Evans et al. [26] studied differences in the number and depth of kerfs and observed that two kerfs instead of one and deeper (20% of the diameter each) reduce the mean depth, width, and length of checks. In this study, due to variations in the logs’ shape and diameter, the kerf depth was 15 mm, ranging from 10% to 20% of the diameter per kerf. However, although the total perimeter cracks were significantly reduced, the K-2k variant did not show a difference in water loss compared to the reference. This suggests that the number of kerfs might be a variable to consider for MC reduction in future research.

The MC curve for the H-30mm variant remained mostly above the reference, indicating it was less effective in transporting and eliminating free and bound water. This may be due to a lack of air circulation within the central hollow, potentially accumulating water vapour. This contrasts with studies such as Park et al. [31], which showed that a complete hollowing treatment and sealing of the ends reduce the moisture gradient and, consequently, the surface tensions that trigger cracking.

However, a significant reduction in total cracking in the ring adjacent to the perforation was observed for H-30mm (Figure 12). One reason is the reduction in heartwood due to the larger perforation diameter. In all studied logs, heartwood accounted for 31.05% (SD=8.63) of the total area in the reference pieces. According to Moore et al. [16] and others, heartwood has distinct characteristics from sapwood that influence its performance. It contains a high content of juvenile wood with lower density, modulus of elasticity, and rupture compared to mature outer wood, consistent with the larger size and number of relative cracks around ring 1, $r1$, near the pith.
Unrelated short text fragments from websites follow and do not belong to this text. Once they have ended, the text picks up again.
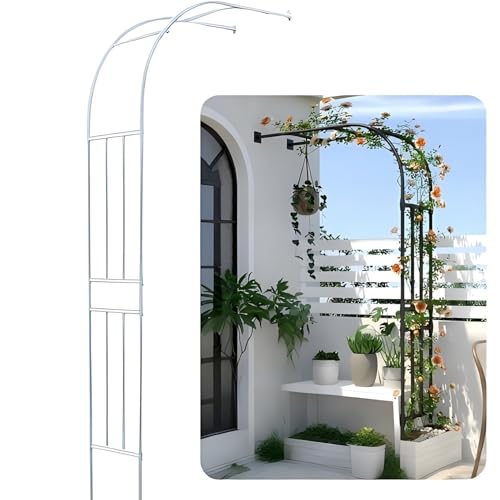 Half Garden Arbor Trellis, 240cm H Outdoor Steel Pergola, Metal Arches for Climbing Plants, Sturdy Durable Garden Arch for Lawn, Party, Ceremony Wedding Decoration Black/White/Green(White,9.8ftx7.9ft) -  KXFAMZ, LDREEABDP-WHITE-300CMX240CM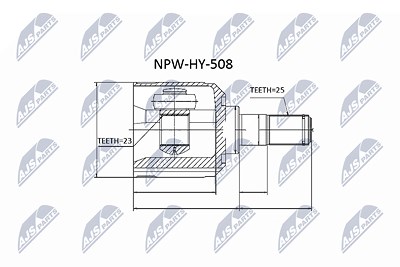 Nty Gelenksatz, Antriebswelle [Hersteller-Nr. NPW-HY-508] für Hyundai von NTY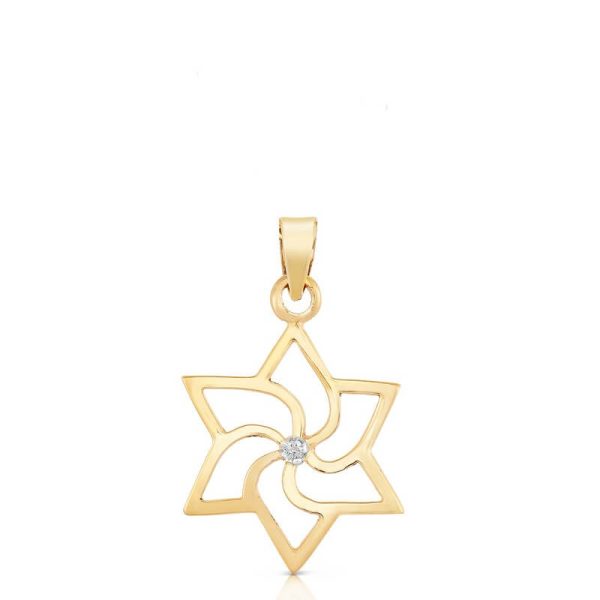 Pinwheel Gold and Diamond Star of David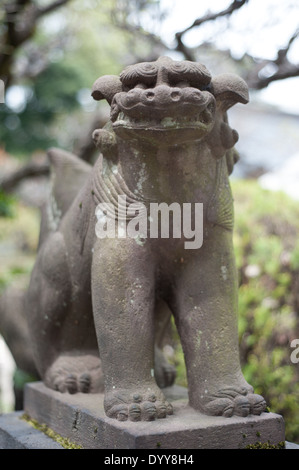 Komainu statue at a temple In Tokyo, Japan Stock Photo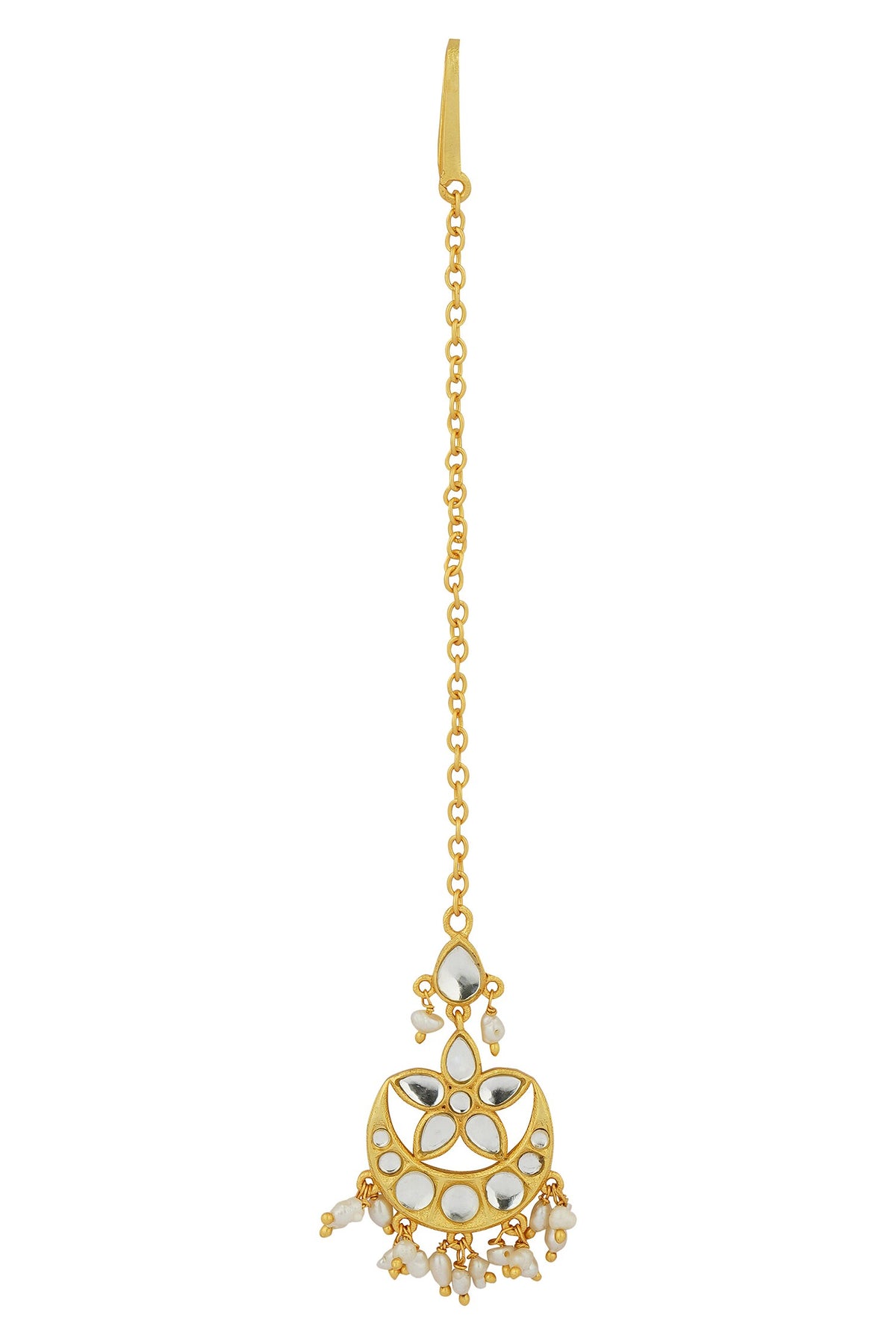 Chaand Phool Mirror Embellished Maangtikka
Both treatments shorten the moisture gradient distance and, therefore, its steepness, locally reducing the stresses that trigger cracking. In untreated pieces, these stresses are abruptly released at the ends as checking and splitting. As described, these effects emerge, develop, and consolidate during drying, compromising the piece’s integrity. However, from a drying perspective, these cracks serve as moisture exchange interfaces, accelerating the drying process ([25]) and hypothetically "capturing" the tangential shrinkage/swelling variation at the log end.
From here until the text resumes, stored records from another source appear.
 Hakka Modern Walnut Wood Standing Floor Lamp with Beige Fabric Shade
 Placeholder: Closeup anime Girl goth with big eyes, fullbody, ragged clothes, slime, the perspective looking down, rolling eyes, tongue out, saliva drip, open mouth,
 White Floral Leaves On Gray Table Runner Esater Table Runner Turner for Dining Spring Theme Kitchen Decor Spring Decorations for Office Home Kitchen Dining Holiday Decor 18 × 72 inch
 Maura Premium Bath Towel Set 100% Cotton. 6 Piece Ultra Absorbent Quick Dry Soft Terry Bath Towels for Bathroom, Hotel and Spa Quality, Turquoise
In kiln drying, environmental variables (temperature and relative humidity) are controlled to prevent tangential stresses from exceeding the threshold that causes wood tissue failure [43]. In air drying, while some general aspects (using well-ventilated enclosures or protecting from rain and direct sunlight) can be controlled, this is not feasible to the same extent. Another strategy to evaluate is manipulating the drying effect, i.e., cracking. As observed with the kerfing treatment, the kerfs guided crack formation in more than two-thirds of the specimens, creating quadrants. In some cases, no visible cracks formed within these quadrants, while in others, cracks did appear—some minor and others severe, like checking.

A proposed solution, hypothetically capturing tangential stresses in the kerfs, involves an artificial cross-splitting as Figure 13 exposes. These cross-knifings extend throughout the extreme section to a defined depth, combining the advantages of both treatments studied. The two diameters would capture naturally formed checks or splits, and the exposed area by the cut depth would accelerate log drying.
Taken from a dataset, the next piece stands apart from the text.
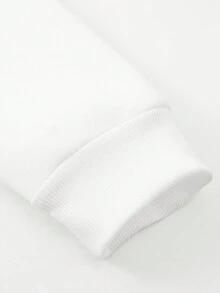 Manfinity Homme Men Plus Letter Print Hooded Sweatshirt And Sweatpants Two Piece Set - White - View 3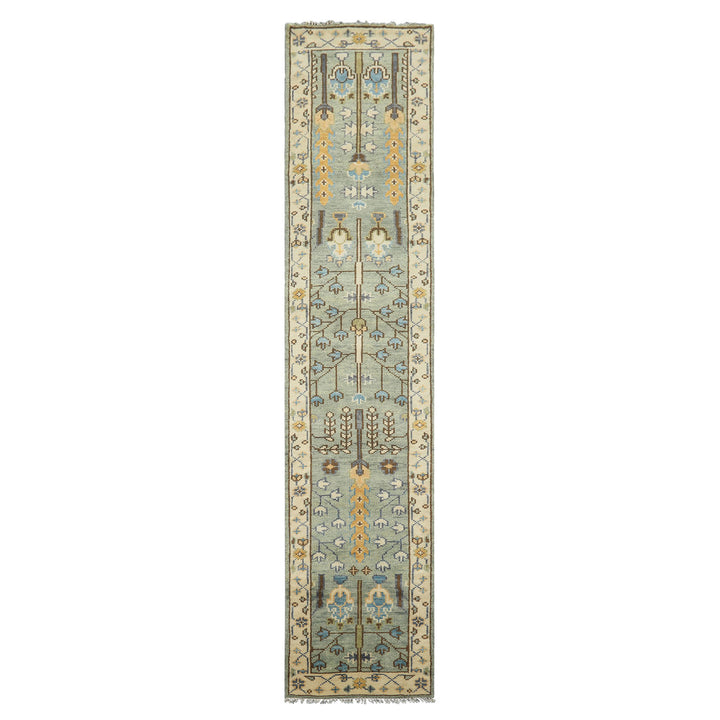 Runner Celadon, Ivory, Brown Color Hand Knotted Oushak Wool Traditional Oriental Rug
The four formed quadrants might house a connection. Dias et al. [45] demonstrated that using four glued bars arranged around the perimeter of round timber logs subjected to tension can achieve high structural performance. Fastener connections can also be evaluated, provided critical distances to loaded edges are measured from the end of the executed kerf. Additionally, the early work of Huybers [46]suggests a practical approach for controlling log end expansion using a wire lacing tool.